According to the study, entitled Water and Post-Conflict Peacebuilding, effective water management is vital for mitigating new tensions over water resources, with some 1.8 billion people expected to face absolute water scarcity in the next decade.
Cooperation over water management, the study says, can serve to restore trust among divided communities as well as between neighboring countries. Early intervention in the water sector can also help societies set the foundation for more equitable and sustainable water use and in turn support better economic recovery.

Today, countries are beginning to recognize water management is critical for peace and development: of the 55 countries affected by major conflict between 1990 and 2013, the study shows that 30 of those addressed water management in their post-conflict constitutions.

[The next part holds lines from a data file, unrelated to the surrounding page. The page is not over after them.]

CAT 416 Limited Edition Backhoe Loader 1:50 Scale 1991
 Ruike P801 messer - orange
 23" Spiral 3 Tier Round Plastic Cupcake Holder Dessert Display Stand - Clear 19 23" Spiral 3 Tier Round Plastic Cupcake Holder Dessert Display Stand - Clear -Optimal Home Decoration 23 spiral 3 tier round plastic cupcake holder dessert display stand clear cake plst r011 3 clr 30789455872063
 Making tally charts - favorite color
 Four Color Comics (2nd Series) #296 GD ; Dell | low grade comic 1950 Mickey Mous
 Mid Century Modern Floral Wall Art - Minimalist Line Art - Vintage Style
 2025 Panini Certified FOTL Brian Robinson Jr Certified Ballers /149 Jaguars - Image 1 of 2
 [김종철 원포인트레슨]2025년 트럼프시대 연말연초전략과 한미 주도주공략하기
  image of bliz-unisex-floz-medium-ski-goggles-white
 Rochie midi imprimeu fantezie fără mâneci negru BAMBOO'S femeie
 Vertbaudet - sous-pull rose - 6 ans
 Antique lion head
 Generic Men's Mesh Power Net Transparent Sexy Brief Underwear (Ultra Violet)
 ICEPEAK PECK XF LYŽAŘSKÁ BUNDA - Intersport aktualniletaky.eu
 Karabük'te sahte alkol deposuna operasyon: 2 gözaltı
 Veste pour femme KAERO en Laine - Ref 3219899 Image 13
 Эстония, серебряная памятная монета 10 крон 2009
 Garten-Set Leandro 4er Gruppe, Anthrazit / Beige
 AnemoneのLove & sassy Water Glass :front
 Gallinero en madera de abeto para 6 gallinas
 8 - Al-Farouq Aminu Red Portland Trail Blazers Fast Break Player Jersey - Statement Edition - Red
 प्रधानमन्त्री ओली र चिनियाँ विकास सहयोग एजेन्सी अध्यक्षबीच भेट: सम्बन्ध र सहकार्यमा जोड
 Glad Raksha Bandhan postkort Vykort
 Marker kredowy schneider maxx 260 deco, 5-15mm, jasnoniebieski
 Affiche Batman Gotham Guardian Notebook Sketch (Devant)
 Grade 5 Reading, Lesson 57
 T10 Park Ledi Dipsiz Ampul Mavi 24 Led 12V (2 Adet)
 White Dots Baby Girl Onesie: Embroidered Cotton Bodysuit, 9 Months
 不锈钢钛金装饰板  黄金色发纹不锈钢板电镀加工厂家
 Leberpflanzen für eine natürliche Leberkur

"The sound governance of water resources is vital for promoting peace and stability and is among the highest priorities during post-conflict recovery and peace building. Water, sanitation, and the related infrastructure are also critical to economic development and the recovery of livelihoods in the aftermath of war." said UNEP Executive Director Achim Steiner.

The study further demonstrates the steps that post-conflict countries can undertake to provide reliable sources of water for the restoration of agricultural livelihoods and food security, including data collection, repairing damaged irrigation networks, and improving governance systems. It emphasizes the need for cross-sectoral coordination in order to manage competing interests and mitigate new conflicts.